I expected little from the Liberals and their platform delivered exactly that. Reading it was a colossal waste of time. It’s nothing but platitudes, trivia and really, really stupid ideas.
Ontario seems to be shaping up as the preferred battleground as both Justin Trudeau and Andrew Scheer campaign against Doug Ford and Kathleen Wynne, respectively. Each of the big party leaders is trying to make the other’s provincial counterpart (one serving, one former) the real enemy. Prime Minister Trudeau’s campaign has resorted, time and again, to outright lies about what Premier Ford has and has not done to, for or about Ontario. Mr Scheer has Kathleen Wynne’s truly atrocious record at his disposal. The voters in the 905 belt might be the key to victory.
My guess, and that’s all it is, is that many voters in the Greater Toronto Area, especially in Toronto, proper, are very upset with Premier Ford ~ but they didn’t vote for him in the first place …
… this map of the 2018 provincial election results shows that Toronto and a few other urban centres, including Ottawa centre, where I live, voted NDP, but the all-important suburbs around Toronto, Ottawa, Hamilton and Windsor all voted Conservative in 2018, and I’m not so sure that The Star or CBC Toronto speak for or about them in 2019.
Let’s look again at Andrew Coyne’s three regions:
- The West (and North) with 107 seats ~ and he sees about 75 going to the CPC;
- Let’s give the 32 remaining seats to the Liberals (16), the NDP (10) and the Greens and Independents (6)
- The East (Québec and Atlantic Canada) with 110 seats with 75 seats going to the LPC;
- Let’s give the remaining 35 seats to the BQ (12), the CPC (12) the NDP (6) and the Greens, the PPC and Independents (5); and
- That leaves Ontario which, if we follow a mix of the patterns of 2015 and 2018, might split something like, if the reported CPC surge in the 905 belt holds:
- Green and Independents ~ 5
- Conservatives ~ 60
- Liberal ~ 45
- NDP ~ 11
The end result, then, might be something like:
- BQ: 12
- Conservatives: 147
- Greens: 13
- Liberals: 136
- NDP: 27
- Others: 3
The end result, if my addition is still OK at my age, is that The CPC might be able to form a minority government but it is equally, perhaps even more likely that Justin Trudeau, with the formal support of Jagmeet Singh, would be able to continue to govern with some support from the BQ and the Greens on an issue-by-issue basis.

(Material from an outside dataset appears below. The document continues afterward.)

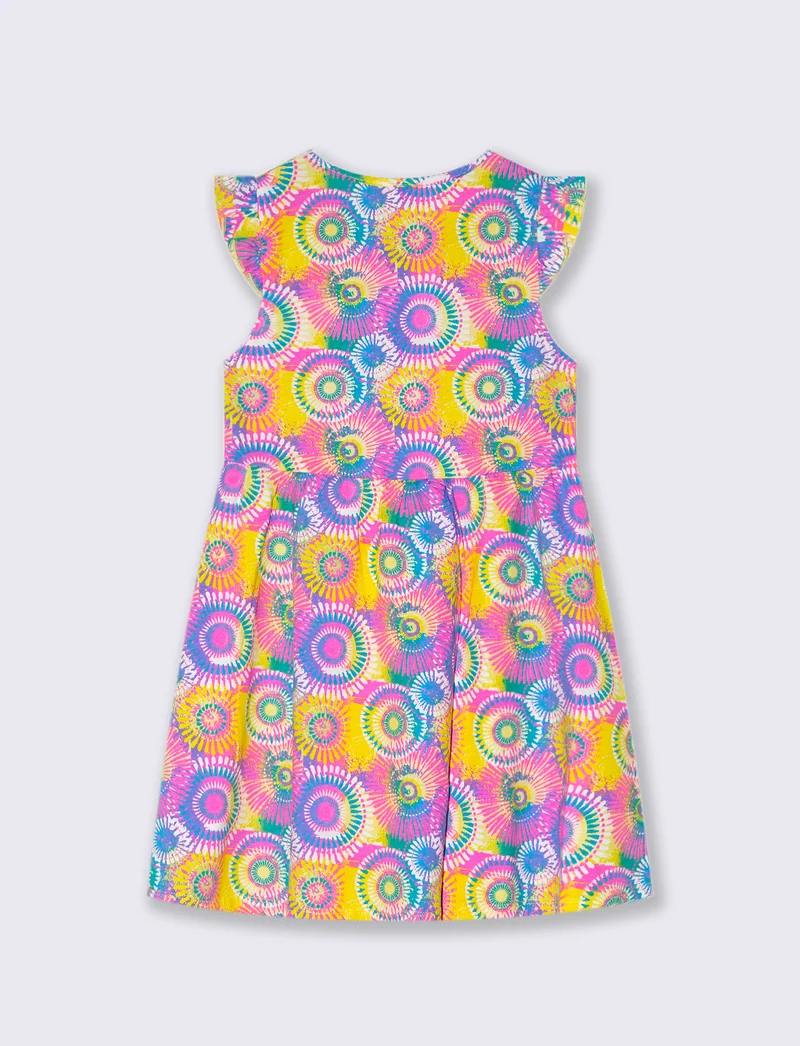 Abito in jersey con stampa all over da bambina - Multicolore
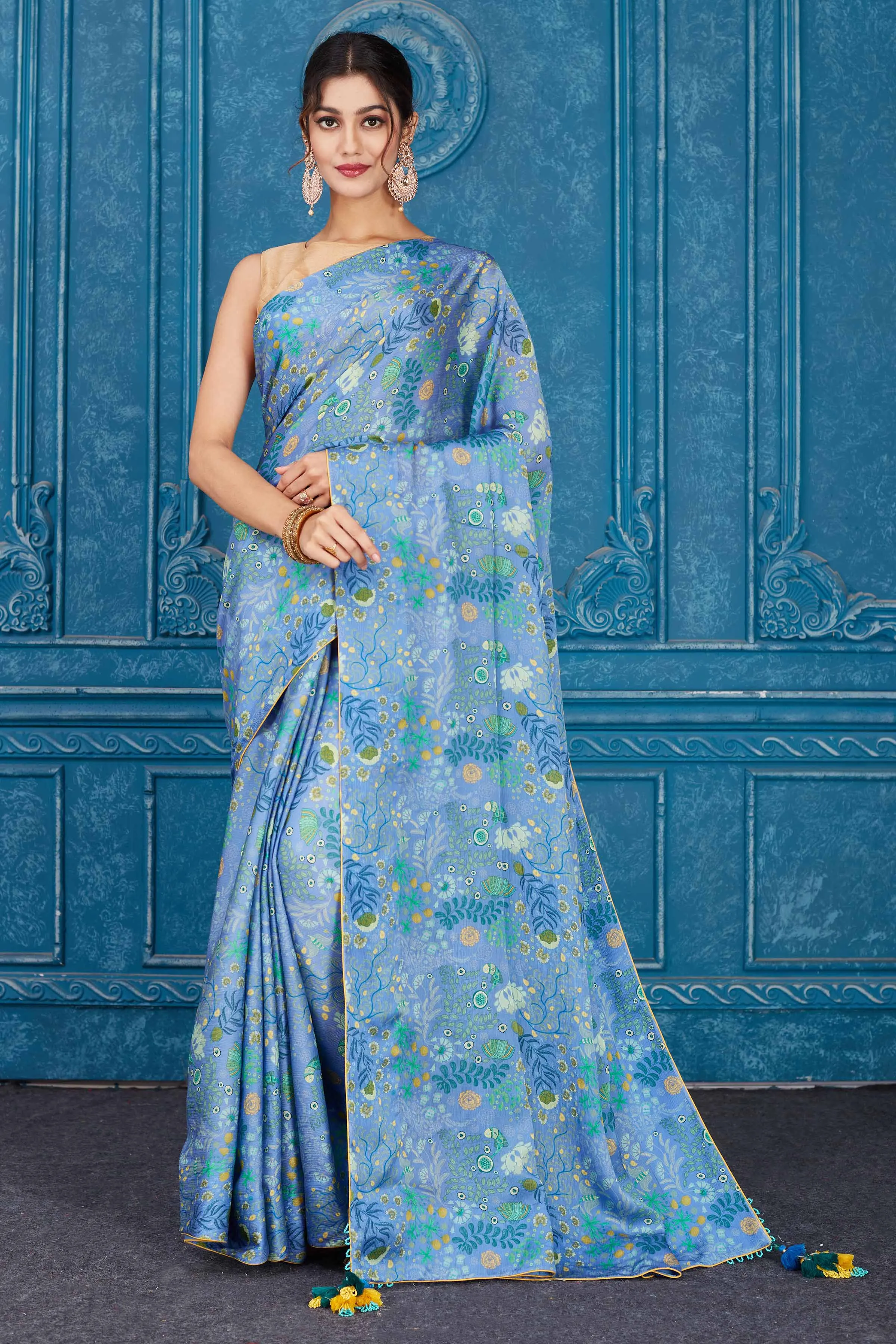 91A346 Blue Printed Crepe Chiffon Saree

The problem, I think, is that as Paul Wells says, Canadians have little from which to choose. Justin Trudeau only stands out because his record is so miserable. He delivered on marijuana and the economy is still humming along, although there are many, many danger signals, and he is a celebrity, as I said yesterday. Jagmeet Singh has performed well on the campaign trail over the first three weeks and Elizabeth May has done rather poorly, I think, but still, I guess, they can get as many as 40 seats between them. But those Ontario number could shift enough to give either the CPC or the Liberals a bare majority. None of the Kokanee Grope, “cash for access,” an improper vacation on the Aga Khan’s private island, the India fiasco, broken borders, the entire SNC-Lavalin scandal, including expelling Jane Philpott and Jody Wilson-Raybould from the caucus, the overt anti-Semitism of some of his MPs, telling veterans they are asking for too much, $10.5 million for Omar Khadr, and, most recently, the blackface issue have moved the polls ahead FOR Andrew Scheer because he has only, with a few exceptions, offered something akin to Trudeau-lite and the Team Trudeau tar-brush may be working better than the CPC one.